Up Bright and early the next morning to head down the road to Salt Lake City where we planned at stopping at the Mormon Tabernacle and the Temple Square. What beautiful pieces of architecture.  It was a beautiful day, for a wedding or 8!   We counted 8 brides around the church, and throughout the square.  Photos are not allowed in the temple, and very few guests are invited inside, however, there were hundreds of people milling about, in their finery, obviously guests of the weddings that took place that day.  I’m sure we are in some of the photos, although I did contain myself, and didn’t do the obvious photo bomb with a peace sign!
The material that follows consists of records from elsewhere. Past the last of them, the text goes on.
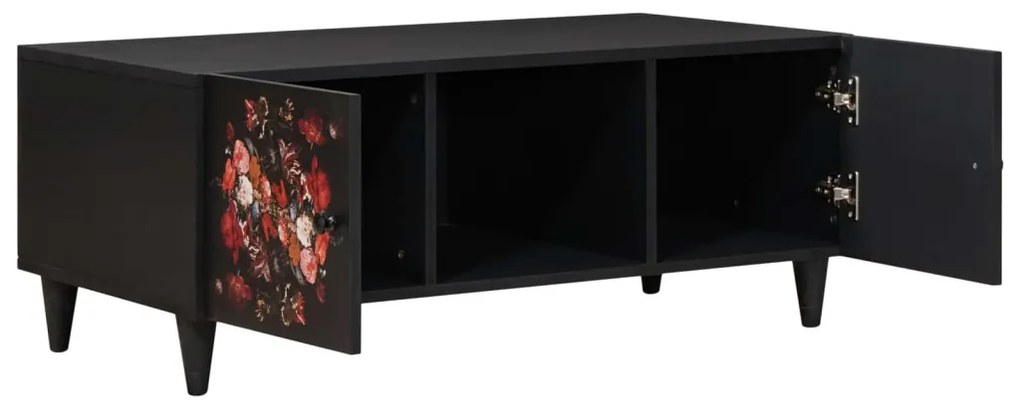 vidaXL Dohányzóasztal Sokszínű 100 x 54 x 40 cm Tömör Mangófát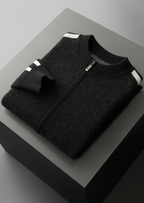 Premium Extra-Fine Merino Wool Striped Cardigan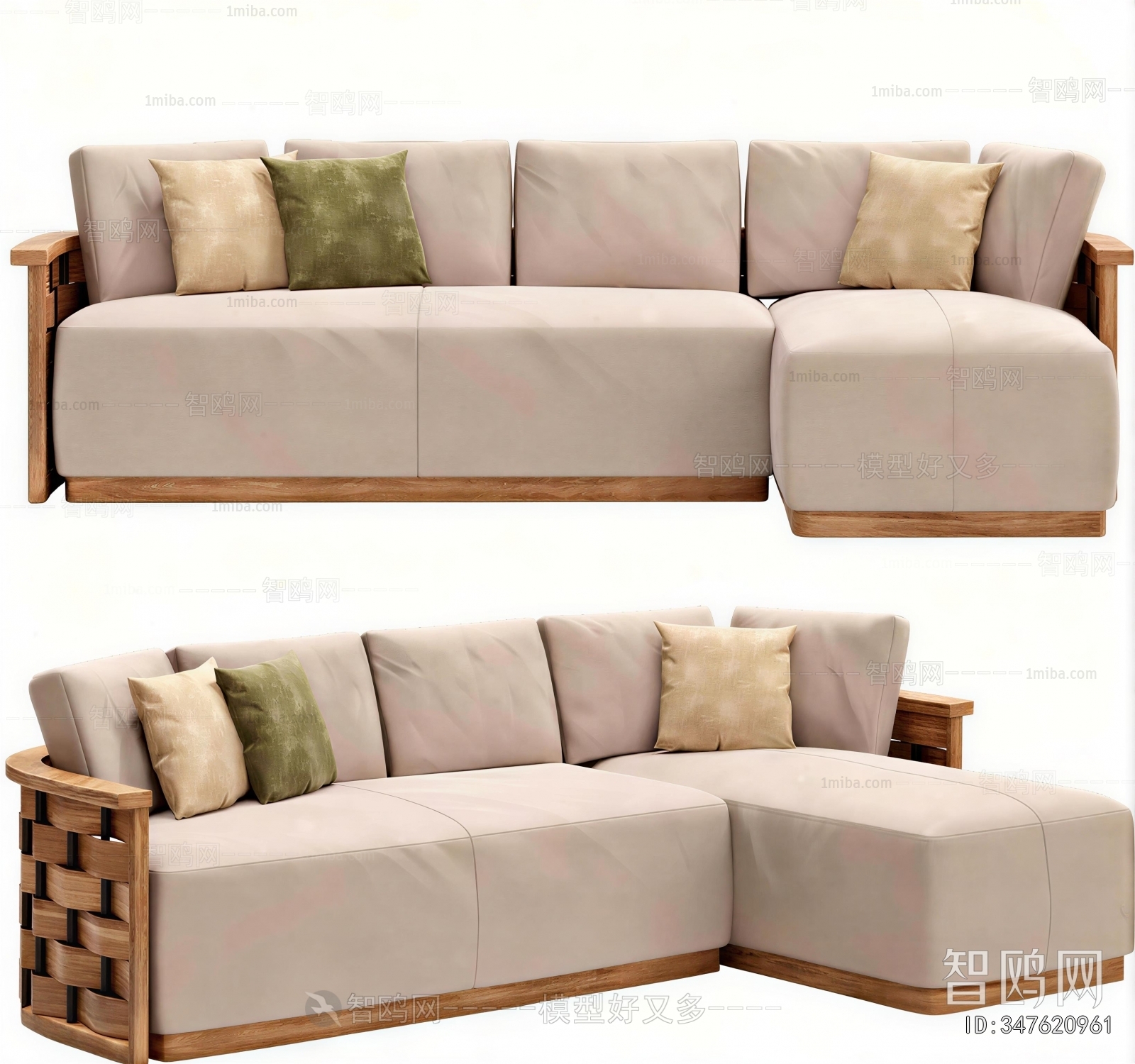 Wabi-sabi Style Corner Sofa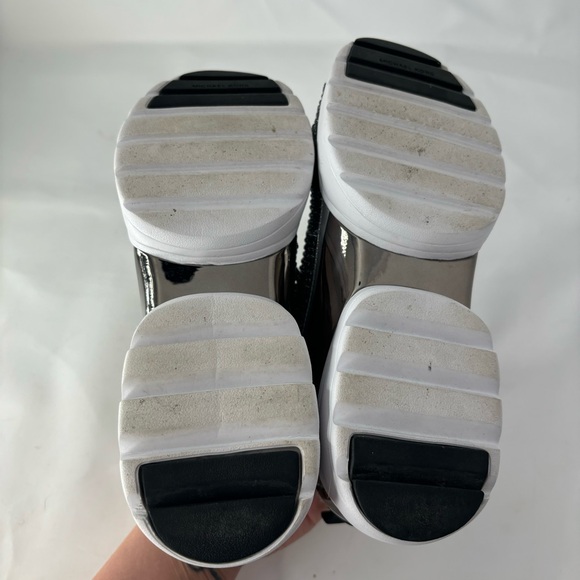 MICHAEL Michael Kors Jada Glitter Fabric Rhinestone Embellished Trainers Sneaker - Picture 8 of 10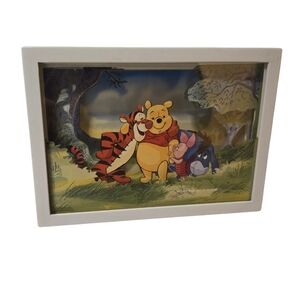 Disney Winnie the Pooh & Hundred Acre Wood Friends Diorama Scene Light Box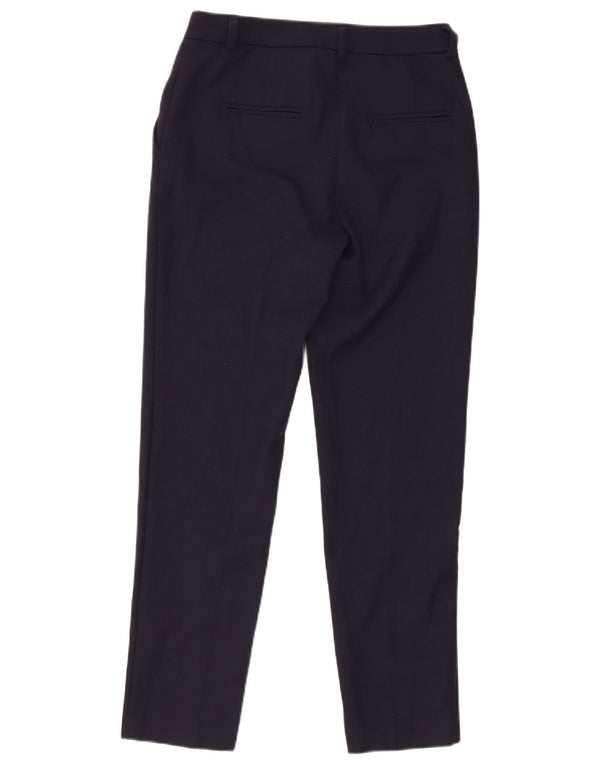 Benetton Dame Slim Suit Bukser IT 38 XS W28 L26 Marineblå Polyester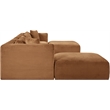 Meridian Furniture 7-Piece Saddle Corduroy Performance Fabric Modular Sectional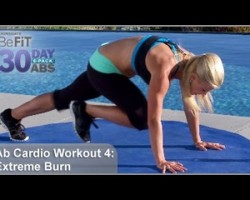 Ab Cardio Workout 4: Extreme Burn | 30 DAY 6 PACK ABS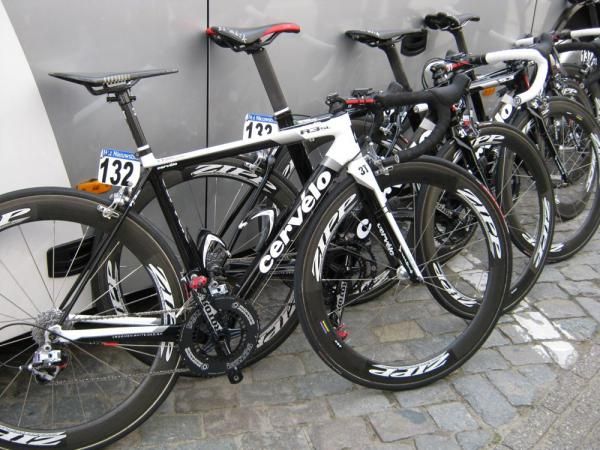 Cervelo TestTeam was using a mix of bikes
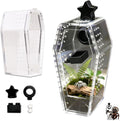 Jumping Spider Enclosure Kit, Accessories Terrarium 6PCS-Black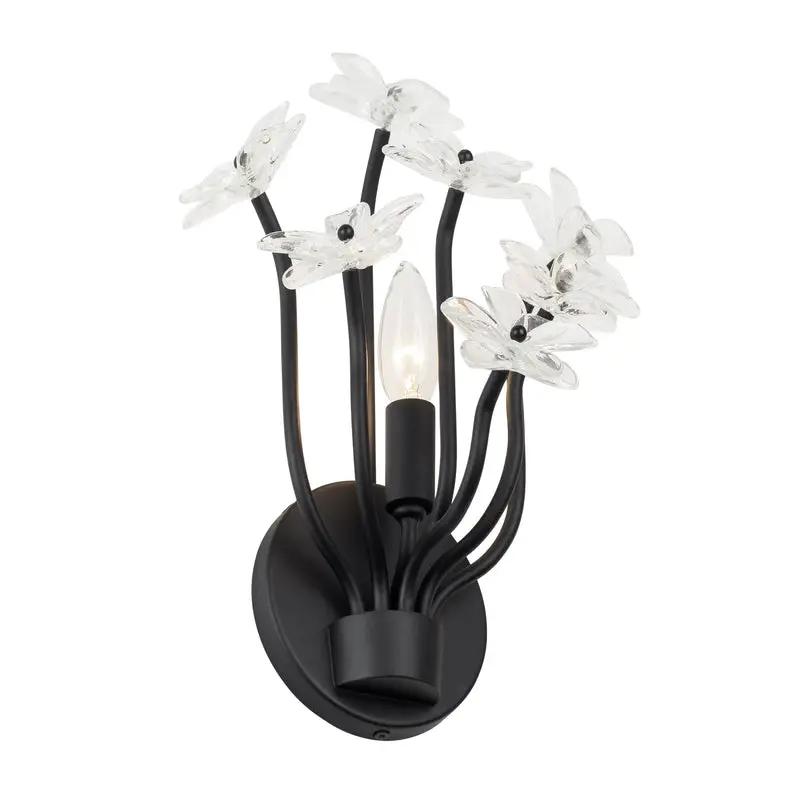 matte black wall mount light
Unfortunately we were a day early to hear the choir practice in the Tabernacle, which was a little disappointing, but it did become the story of our trip!  Timing is everything, and I did say on several occasions- Next time!    Leaving the center of the city at rush hour is a little daunting, but off we went, and continued down I15 to Fillmore, putting another 626+ MILES  behind us. Fillmore obviously shuts down early. Driving in at 9 pm everything was closed up, stopped at the first hotel we saw, a Best Western, and the price was outrageous for the facility, so drove through the town, which appeared at that time of night to be a ghost town.  Just before getting back onto the I15 spotted a  Comfort Inn and Suites.  It was just right,  and 50 less than the BW.   We were done for the night, and the room was clean, quiet, and comfy!  Still forecasting snow for Bryce Canyon…Maybe they are wrong!?

Road Tour 2016

Today we are finishing the final preps for our 2016 road trip that will take us on adventures through several states, visits with family and friends, a little hiking, a little relaxation and a little of what ever else life brings us.  Enjoy the ride…I know we will!